Good question. I have no idea really, but it's only useful for 2.4 kernels and 2.6 has it's own internal IRQ balancer. As I have no SMP machines I cannot test it :) BTW, I've committed -r1 versions of 0.08 and 0.12 with the init script in question (one with pidfile support, one without) So mark -r1 stable- thanks
(In reply to comment #2) > Good question. > > I have no idea really, but it's only useful for 2.4 kernels and 2.6 has it's > own internal IRQ balancer. amd64 doesn't support <2.6, please readd us if I'm missing something.

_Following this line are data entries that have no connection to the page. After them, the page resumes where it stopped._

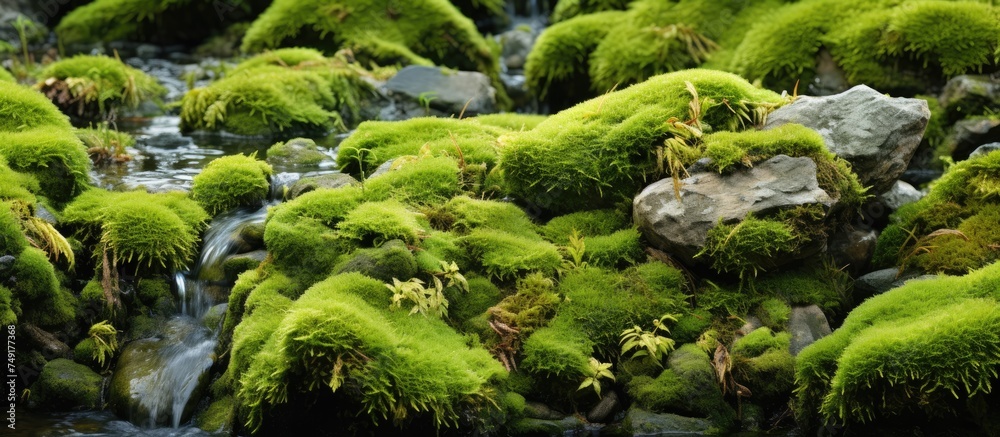 A stream winds its way through a dense forest filled with vibrant green vegetation. The water glistens under the sunlight as it cascades over rocks and boulders, creating a soothing sound.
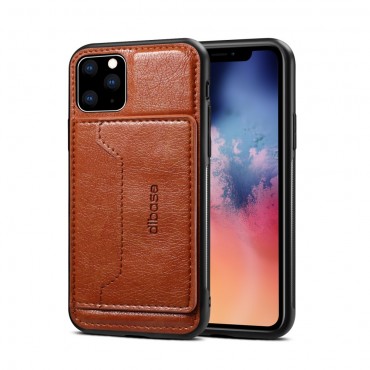 Hülle für iPhone 11 Pro "BackFlip" aus Kunstleder - braun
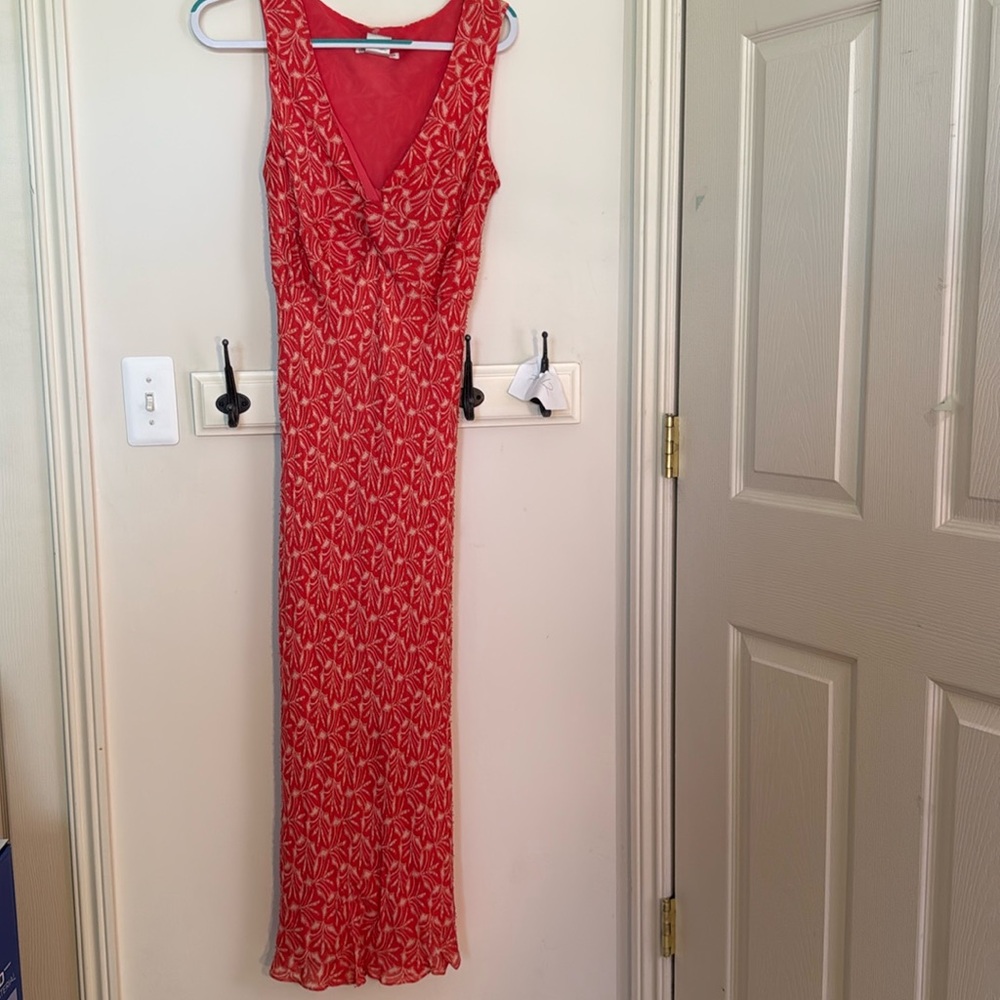 Vintage Jane Seymour Red Sleeveless V-Neck Sheath Maxi Dress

(In reply to comment #3) > (In reply to comment #2) > > Good question. > > > > I have no idea really, but it's only useful for 2.4 kernels and 2.6 has it's > > own internal IRQ balancer. > > amd64 doesn't support <2.6, please readd us if I'm missing something. OK, either stable 0.12-r1 or drop your amd64 keyword - your choice :)
(In reply to comment #4) > OK, either stable 0.12-r1 or drop your amd64 keyword - your choice :) > checked it out, was added by lv in 5/04. I can only guess it was needed back then. blubb will drop the keyword for us. Thanks for the heads up. Feel free to readd if I'm still missing something...
(In reply to comment #2) > I have no idea really, but it's only useful for 2.4 kernels and 2.6 has it's > own internal IRQ balancer. Sorry, but this is quite untrue since the userspace irqbalance is much better and preferred see this thread: http://lkml.org/lkml/2006/7/31/216
> Sorry, but this is quite untrue since the userspace irqbalance is much better > and preferred see this thread: > http://lkml.org/lkml/2006/7/31/216 > That was my understanding too....I have dozens of amd64 gentoo boxes deployed, and all are configured to use irqbalance for performance. In fact, I think redhat/et all have irqbalance enabled for amd64 by default. If we're wrong or the info is out of date, I'd definitly want to know.
ppc stable
(In reply to comment #6) > (In reply to comment #2) > > I have no idea really, but it's only useful for 2.4 kernels and 2.6 has it's > > own internal IRQ balancer. > Sorry, but this is quite untrue since the userspace irqbalance is much better > and preferred see this thread: > http://lkml.org/lkml/2006/7/31/216 > I was going by what someone (I forget who) told me in IRC. Looks like you're right.
Can we please have irqbalance unmasked again for amd64? Contrary to what was reported here earlier, amd64 kernels do not do internal irqbalancing. Or at least the current stable gentoo-sources, 2.6.17-r8 does not. Judging by the kernel sources, in-kernel irq balancing is a feature specific to i386.
(In reply to comment #10) > Can we please have irqbalance unmasked again for amd64? Contrary to what was > reported here earlier, amd64 kernels do not do internal irqbalancing. Or at > least the current stable gentoo-sources, 2.6.17-r8 does not. Judging by the > kernel sources, in-kernel irq balancing is a feature specific to i386. amd64 team, looks like your keyword is needed again :P
x86 is stable ^.^
Thanks for the correction, it is marked stable now on amd64 too.
How about adding this as a base layout requirement? Fedora and others ship with it. With the rise of dual core+ systems, this seems like a necessary package. Judging by the confusion _developers_ had on its obsolescence and effect, imagine what the users will think :O? http://lwn.net/Articles/213731/ "This new version knows about, and optimizes for, Dual and Quad core, and knows about MSI, PCI-Express, NAPI, Cache domains, processor sockets etc etc. In addition, the new irqbalance switches to a power-save mode when there is little irq load on the system, trying to preserve power by avoiding waking up processors more than needed." So there is benefit to mobile systems as well.
(In reply to comment #14) > How about adding this as a base layout requirement? No. baselayout supports FreeBSD now, where this would not obviously work. Also, SMP systems work perfectly happily without this and it has it's own init script, therefore it's 100% optional. iproute2 isn't a requirement for similar reasons even though it's technically superior to ifconfig from net-tools.